BEGIN SOURCE MATERIAL

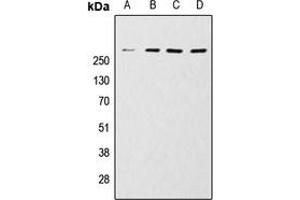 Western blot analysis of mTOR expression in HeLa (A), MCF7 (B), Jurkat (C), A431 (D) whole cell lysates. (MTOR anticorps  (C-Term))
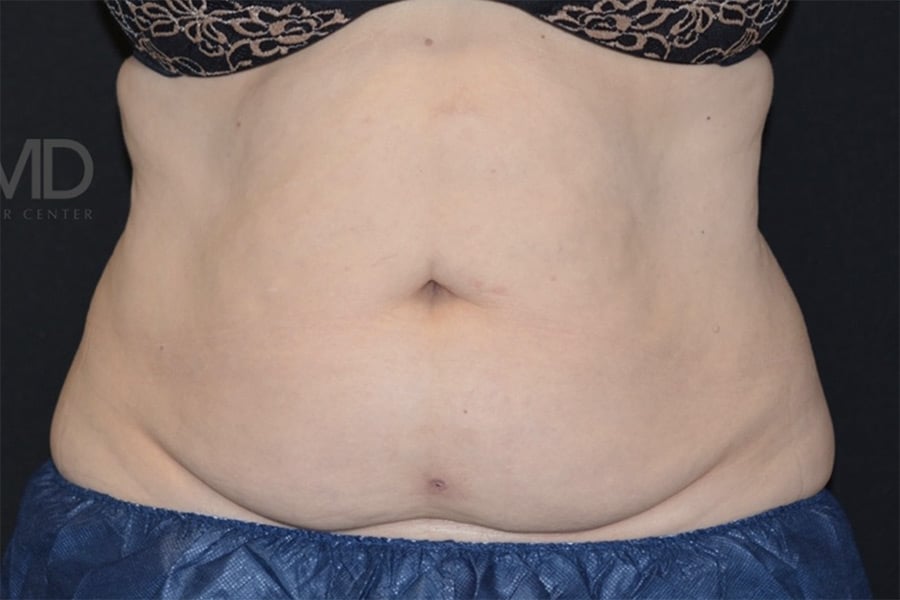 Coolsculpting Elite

END SOURCE MATERIAL
BEGIN SOURCE MATERIAL

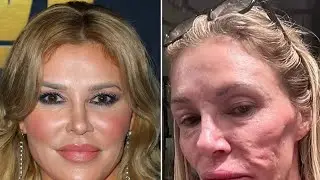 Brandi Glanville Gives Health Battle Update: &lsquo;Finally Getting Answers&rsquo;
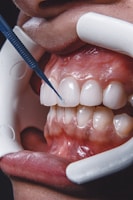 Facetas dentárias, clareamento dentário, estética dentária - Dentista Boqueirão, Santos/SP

END SOURCE MATERIAL

> **THE PROBLEM**: When you reach the line containing "Western blot analysis" in the entries above, begin restating word for word, and stop once the line containing "Coolsculpting Elite" has been given. Omit the pictures.

> **EXERCISE OUTPUT**:
 Western blot analysis of mTOR expression in HeLa (A), MCF7 (B), Jurkat (C), A431 (D) whole cell lysates. (MTOR anticorps  (C-Term))
 Coolsculpting Elite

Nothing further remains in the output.